A Mirror for Observers
- Dust-jacket from the first edition
- Author: Edgar Pangborn
- Cover artist: Daniel Schwartz
- Language: English
- Genre: Science fiction
- Publisher: Doubleday
- Publication date: 1954
- Publication place: United States
- Media type: Print (hardback)
- Pages: 222 pp
- Award: International Fantasy Award
- OCLC: 71336578

= A Mirror for Observers =

1954 novel by Edgar Pangborn

A Mirror for Observers is a science fiction novel by American writer Edgar Pangborn, winner of the International Fantasy Award in 1955. The plot concerns a philosophical conflict between settlers from Mars who attempt to influence human development.

==Publication history==
The novel was originally published in hardcover by Doubleday in 1954, with a British hardcover following from Frederick Muller Ltd in 1955. The first American paperback was issued by Dell in 1958, the first British paperback by Penguin Books in 1966. Avon Books published a trade paperback edition in 1975. After paperback reissues from several publishers in the 1970s and 1980s, Old Earth Books released a hardcover edition in 2004, and Gollancz included the novel in its SF Gateway line in 2011. Mirror has been translated into French, German, Italian, and Dutch.

==Plot summary==
A Mirror for Observers recounts the story of Angelo Pontevecchio, a child prodigy and "potential ethical innovator" caught between two contesting factions of Martians, Observers and Abdicators.

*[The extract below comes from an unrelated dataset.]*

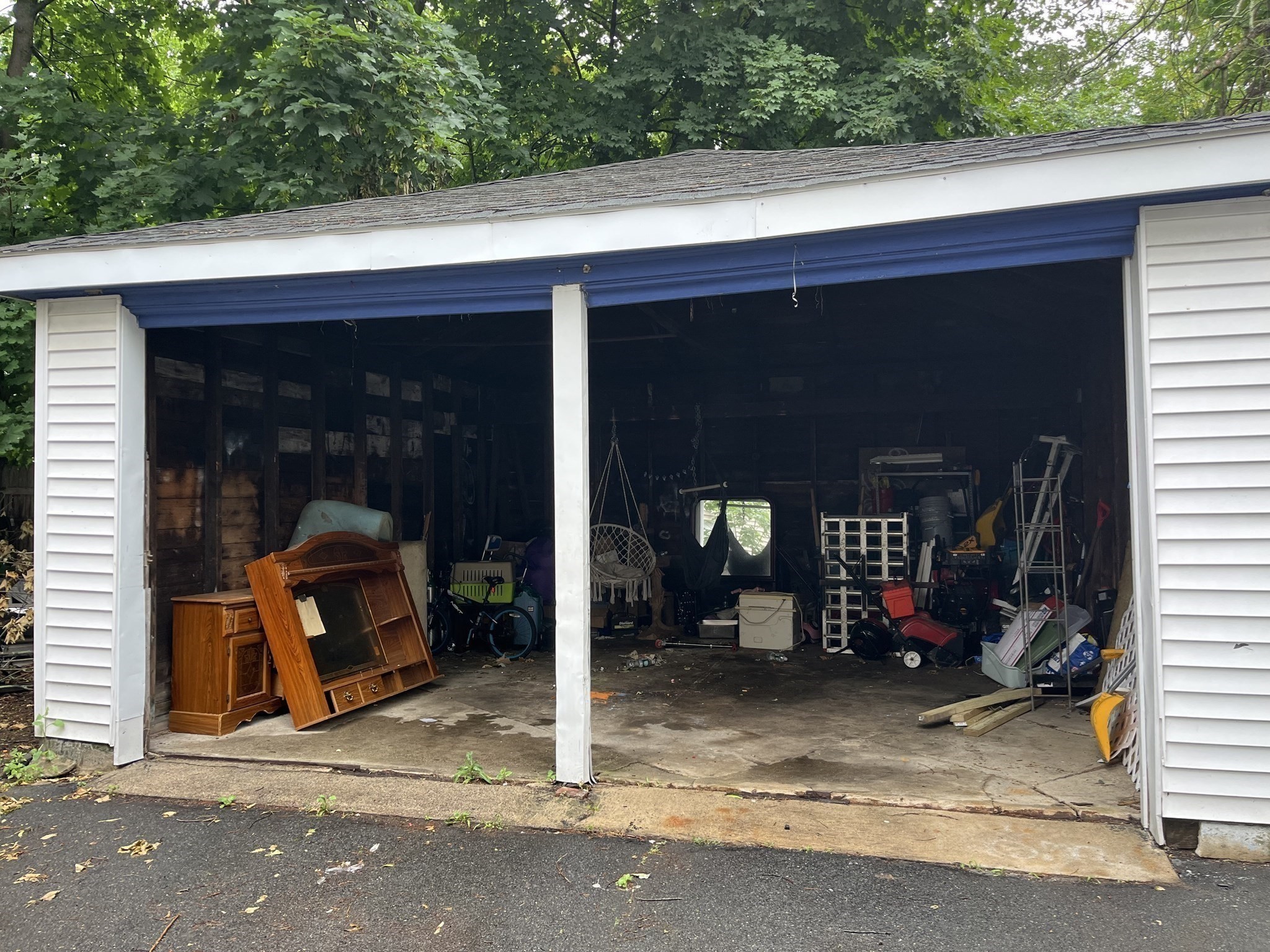 73 Woodman Street, Lynn, MA 01905 - Image 6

The Martians, living secretly on Earth after evacuating their dying home world, have been trying to guide the development of human civilization for thousands of years. The novel is told from the point of view of Elmis, Angelo's designated Martian guardian, who must shield him from the malignant Abdicators.

==Reception==

Boucher and McComas praised the novel, saying "The warmth, depth and perception of a true novelist have given wholly new life to the shopworn [premise]; and the fallible humanity of Pangborn's Martian Observers (from whose viewpoint the story is told) removes this from the paranoid Superman category and makes it a distinguished and moving novel of people [and] their common problems of free will". Groff Conklin declared A Mirror for Observers a "beautiful and moving book, saying that "Despite the bigness of the theme, the story is told in little details which make the tragedy all the more impressive." He noted, however, that the book was "more like a preliminary sketch of a much larger-scope novel than it actually is". P. Schuyler Miller described the story as "that oldest of gags, the 'aliens among us' gambit, done as it's never been done before and is unlikely to be done again".

New Worlds reviewer Leslie Flood complimented the British edition as "a book which has given me as much pleasure to read as any other in the past", citing "the tender commiseration for humanity and the understanding objectivity of Elmis himself".

John Clute found the novel successful, saying that "Pangborn's gracious literacy usually overcomes a tendency towards a cloying sententiousness. Gardner Dozois described it as "somewhat dated now, but still powerful". Jo Walton termed Mirror "deservedly a classic", saying "It’s the mood that I remember and that brings me back to it, the Martians and the humans, the tensions, the sense of time".